Our results are wrapped in an envelope. I didn't really want to use an envelope but it came with our existing API and it didn't seem to be a significant drawback so I didn't fight it too hard.
All of our resources that return a list of results (i.e. /customers) include a required field that is an array of objects. The array can be empty, if no objects match any filtering parameters used, but the array must be there.
Every object in a list, or individual objects being returned must include an identifying field (i.e. customers_id for a customer object). Almost any other field is optional.
A call to any resource can include the fields parameter in the query to indicate which optional fields can be included for an object. Most of our commands will have a default list of optional fields included, in case this parameter is not included.
All list-type results also support the optional parameters per_page and page_number, to allow for pagination. By default, per_page is 20 and page_number is 1.
We are using snake_case instead of CamelCase, even though it goes against JSON. The primary reason for this choice is because of our existing code base, where we use snake_case most often. Also, there is a study that says it is 20% easier to read.
HATEOAS
Don't hate me for this (hehe), but we aren't doing it. As a concept, HATEOS doesn't make sense to me. It seems like a nice thing that could be useful some day, but it is just a lot of effort for absolutely no gain right now. Maybe in v2 or 3, after I've become more comfortable with it.
Caching
We want to use caching primarily with regards to preparing a product for download. This is our most intense process, so we want to avoid it, unless necessary. When the user makes this request, we ask for an etag, which is just an MD5 hash of the downloaded file. If they don't have one, then they obviously need the file. If they have one, and it matches the current version of the file, we can respond by telling them they are up to date and don't need a fresh download. If their tag is out of date, then we initiate the process to prepare the file for download. This is involved in Major Task #4 from above.

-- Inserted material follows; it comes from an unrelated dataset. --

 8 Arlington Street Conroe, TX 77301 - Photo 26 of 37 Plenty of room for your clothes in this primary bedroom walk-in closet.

We aren't currently planning on adding caching to other commands, though there is probably a good case to use it with the /customers/(id)/products command or other commands that return a large list. One thing that doesn't quite click yet for me is that i already need to query our datastore for the product list, and then generate the hash. That seems like a much more CPU intensive process, so if we're already generating the response in order to get the hash, why not just send the response? It might be a little more efficient, but I don't know if it is worthwhile at this point.
Outstanding Issues
I'm not 100% certain that I'm using OAuth2 properly with a stand-alone application. Maybe there is a different standard that should be applied? Maybe there is some way for an application to handle a redirect URL that I'm not aware of?
gzip isn't currently enabled, but we're planning on adding it. Just haven't had the bandwidth to apply it yet. I'm hoping it is a relatively simple process.

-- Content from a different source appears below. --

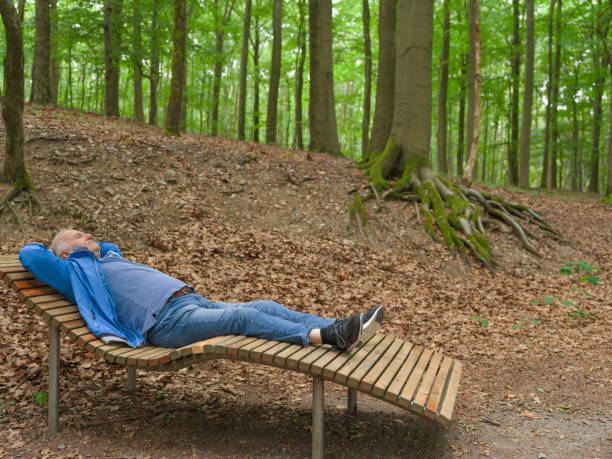 istock Senior man with wheelchair lying on bench relaxing in forest 1607716806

I'm not happy with the naming of the URIs for Task #4, but I'm not sure exactly what a better option would be.
First, I've got POST /files/(id)/downloadables
This returns the ID for the downloadables object that is created.
Second, I've got GET /downloadables/(id)
This returns the progress of the file preparation process, and the URL where the completed file can be downloaded from, once the progress reaches 100%.
The process copies the source file to a location where the user can download it. Often, the copy has a watermark applied to it during this process.
Probably the biggest problem I have with this is the use of the world 'downloadables' because it makes me think of some sort of interface instead of an object type.
This is where I'd most appreciate advice and suggestions for a better way to handle this.